Gio, 12/11/2020 - 18:14

Perciò Salvini, “il Capitano”, supponendo che Berlusconi vada in aiuto a Conte nella lotta alla pandemia minaccia di favorire i francesi e di far cadere nelle loro mani un’azienda come Mediaset: con gran gaudio di Macron. Spero che quando si andrà finalmente alle urne gli italiani se ne ricordino

utherpendragon

Gio, 12/11/2020 - 18:29

mi perdoni direttore : perché non si può cambiare governo?Perchè forse si corre il rischio di trovare "statisti" più incapaci ed arroganti di questi?Mi sembra improbabile.

IronHandIronHead

Ven, 13/11/2020 - 11:52

Einaudi, De Gasperi, Cossiga sarebbero in montagna a fare opposizione vera a questo governo-cripto comunista e catto-pauperista. Il problema non è se Bollorè vince contro Berlusconi, ma se l'Italia rimane Italia o finisce provicia del Celeste Impero Comunista. Possibile che non si veda che il re è nudo?

mariolino50

Ven, 13/11/2020 - 17:33

Bastava non aver quasi dimezzato i posti letto, e avere almeno la metà delle terapie intensive della Germania, erano 28000 prima del virus, e ora dovrebbero essere 40000. Ringraziamo i governi precedenti e quello attuale, per vedere come sono trattati i malati pensiamo al "fatterello" di Napoli, uscito fuori grazie al testimone diretto.

Savoiardo

Ven, 13/11/2020 - 18:14

Forse piu' che unita' servirebbero leadership,capacita' e senso dello Stato.Il Governo pensa alle ricadute elettorali e ai sogni ideologici targati P.C..Un fallimento sicuro,dimostrato nei fatti.

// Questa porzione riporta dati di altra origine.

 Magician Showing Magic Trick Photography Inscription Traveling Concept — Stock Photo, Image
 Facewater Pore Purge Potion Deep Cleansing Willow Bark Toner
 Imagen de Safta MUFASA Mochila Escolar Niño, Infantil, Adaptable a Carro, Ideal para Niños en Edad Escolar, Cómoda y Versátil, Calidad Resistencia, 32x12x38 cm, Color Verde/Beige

Ritratto di liberopensiero77

liberopensiero77

Ven, 13/11/2020 - 18:50

Egregio Direttore, in Italia mediamente, le sindromi influenzali (dati dell'Istituto Superiore della Sanità) colpiscono ogni anno il 9% della popolazione italiana, con un minimo del 4% osservato nella stagione 2005-06, e un massimo del 15% registrato nella stagione 2017-18. Calcolando che in Italia siamo poco più di 60 milioni, ne consegue che i contagiati mediamente sono c.ca 5 milioni e mezzo all'anno, quindi perché mai un milione di contagiati per Covid-19 dovrebbe essere un numero impressionante? Francamente la mia impressione è che i politici e i mass media hanno costruito un realtà virtuale per impressionare la popolazione e adottare una serie di provvedimenti, i cui fini reali non sono quelli dichiarati (per combattere il Covid), ma altri (non necessariamente negativi) sui quali bisognerebbe aprire un dibattito serio.

Ritratto di HARIES

HARIES

Ven, 13/11/2020 - 19:38

Infatti, quando era scoppiata la pandemia (evento eccezionale e di gravità elevatissima per tutto il paese Italia, il Presidente della Repubblica doveva prendere in mano le redini e "obbligare" la formazione temporanea di un Governo di Unità Nazionale. Così non è stato. Come fecero gli Americani quando gli buttarono giù le torri. Per difendere la loro Nazione, tutti risposero all'unisono.